Trade in freight derivatives, which allow shippers and brokers to hedge risk, is mushrooming as booming demand for sea transport fuels record-high shipping rates. But volatility in the derivatives has claimed several victims, leading some participants to call for tighter rules in a market expected to see turnover of $20 billion this year for dry bulk shipping alone, shipping company executives said.
"This is a new kind of product and we need more regulatory rules to make it work," Frank Tsao, chairman of the Hong Kong Shipowners Association, said of freight derivatives.
"I think it's a good idea to have more products in the financial market. If it is done properly, it will reduce the risk," said Tsao, who is also chairman of the IMC Group of companies, which owns about 50 vessels.
Heavy demand from China for raw materials ranging from soybeans to steel, combined with backlogs at shipyards and bottlenecks at ports, boosted global bulk shipping rates to record levels early this year.
Rates plunged when Beijing imposed economic austerity measures, but recovered sharply when China gradually eased restrictions on lending to importers.
Freight derivatives, where a ship owner or broker takes a position with a counterparty over where freight rates will stand at a point in the future, have been around since the 1980s.
But volume has picked up heavily only in the past year, as volatility fuels demand for risk management and creates speculative opportunities.
"Liquidity is coming in. We've got Morgan Stanley, Barclays Capital, Deutsche Bank, Standard (Bank), now the Royal Bank of Scotland," said R. Raghunath, executive vice president of Noble Chartering Ltd, a unit of commodities trading and shipping firm Noble Group.
Many traders in freight derivatives had their fingers burned earlier this year by the market's extreme volatility, which results in part from large swings in physical freight rates, as well as the participation of speculators.
"I have seen one major player gain $200 million this year, and lose $200 million in two months," said Keith Denholm, commercial director of Pacific Carriers Ltd, a unit of Malaysia's Kuok Group, during a shipping conference last week.
In one high-profile case, Hong Kong-listed bulk shipper Jinhui Holdings Co Ltd lost HK $523.98 million ($67 million) on forward freight agreements in the first half of this year, erasing its first-half profits and making Jinhui one of the very few listed shippers in the red.
The London-based Forward Freight Agreement Brokers' Association said the derivatives market was now bigger than its physical counterpart.

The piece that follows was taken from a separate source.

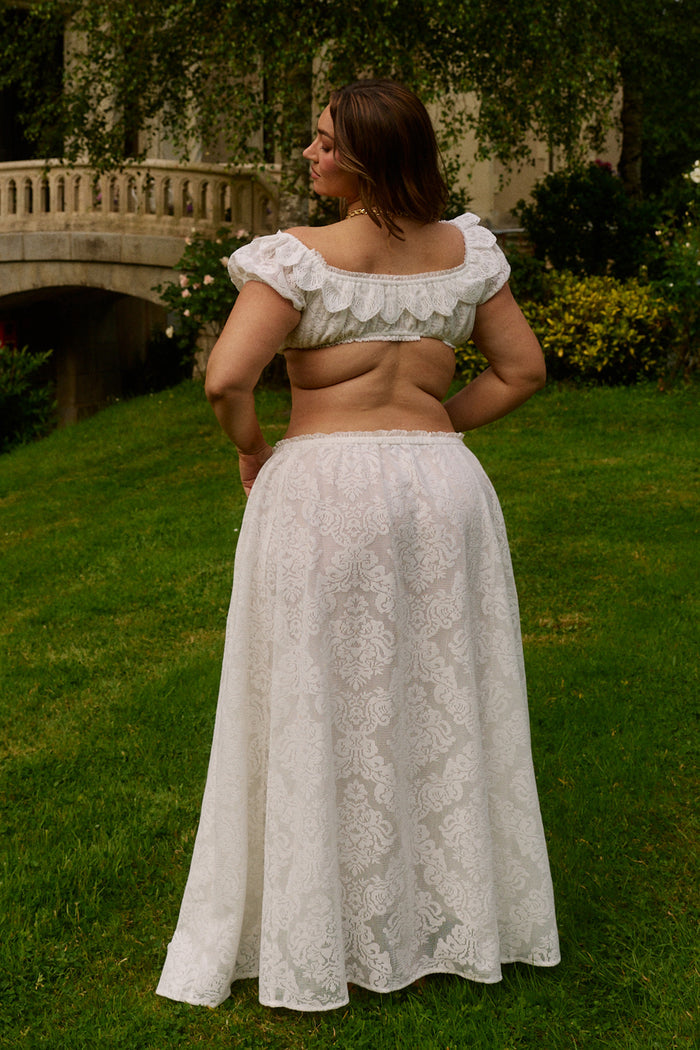 Liora Maxi Skirt in Lumiere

Participants use market information provided by the London-based Baltic Exchange.
Some derivatives are traded "on market" over an online exchange called Imarex. Those transactions are cleared by the Norwegian Futures and Options Clearing House (NOS).
However, most freight derivatives are "off market" deals traded through brokers in contracts known as Forward Freight Agreements.

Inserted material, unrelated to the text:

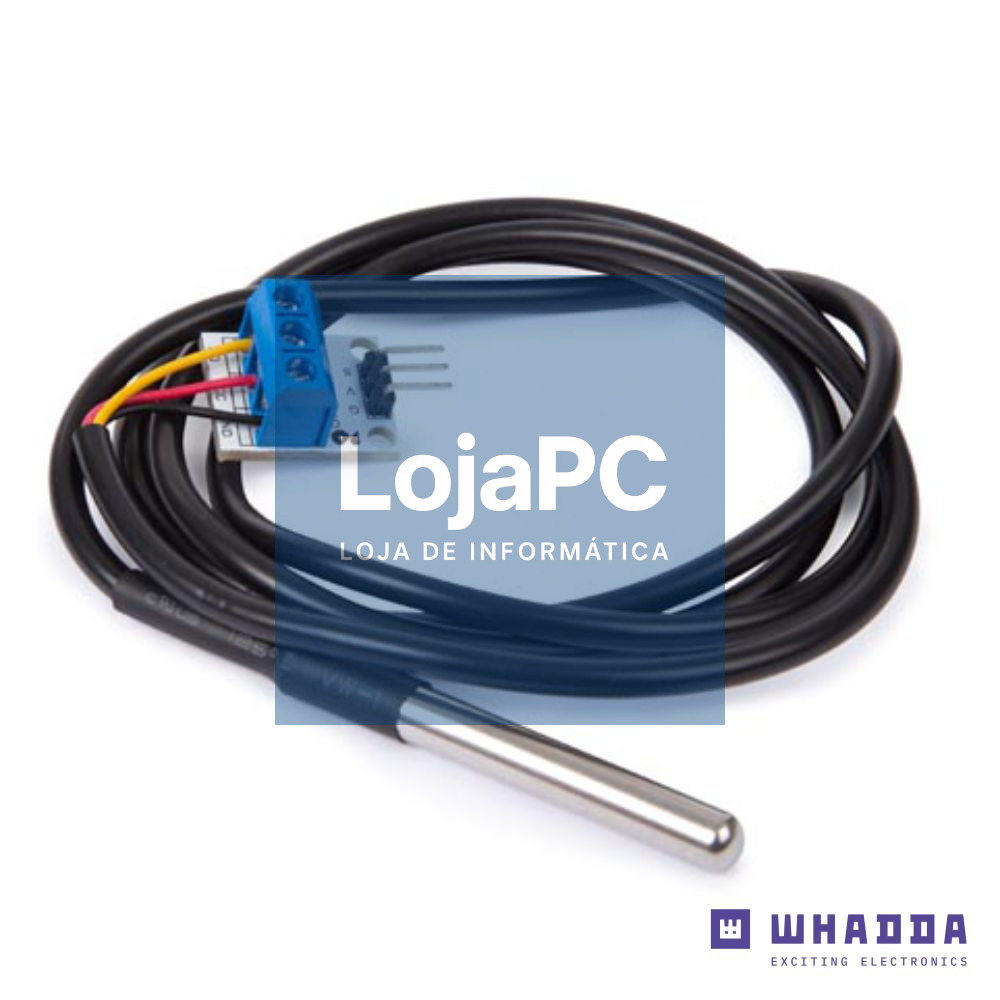 Sensor de Temperatura DS18B20 e Adaptador WHADDA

Clearing-house markets, as opposed to over-the-counter trade, are vital to the development of shipping derivatives, the chairman of the Forward Freight Agreement Brokers' Association was quoted recently as saying.
NOS, the world's only clearing house for freight derivatives, has 70-plus members ranging from shipowners to financial institutions.

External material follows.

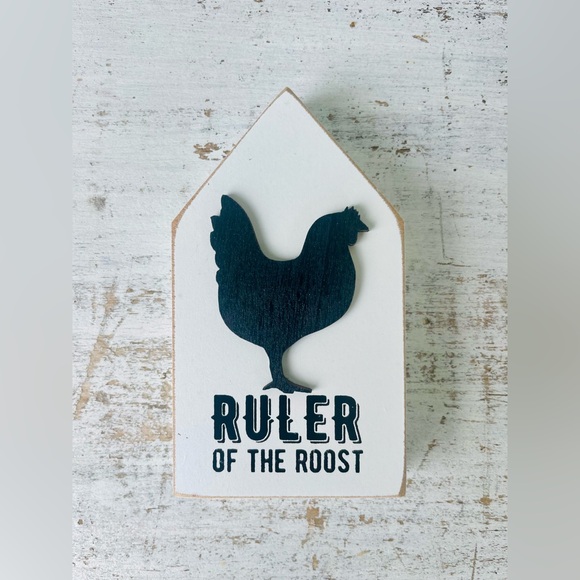 *Ruler of the Roost Wooden House Shaped Shelf Sitter - Picture 7 of 14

NOS said in its third-quarter results that a default by member Navitrans Maritime Inc in July may cause a loss of 58.6 million Norwegian crowns ($9.2 million). It planned a 60 million-crown capital boost to restore confidence after freight futures liquidity tumbled following the default.
A second clearing house for freight derivatives could be created early next year, industry executives said.
They said a number of exchanges and clearing houses, including the Athens Stock Exchange, the London Clearing House and the New York Mercantile Exchange, are in talks with the Forward Freight Agreement Brokers' Association with a view to creating a new body.
"Another clearing house - more competitive and a lot stronger - will bring us back into the (futures) hedging market," Denholm of Pacific Carriers said.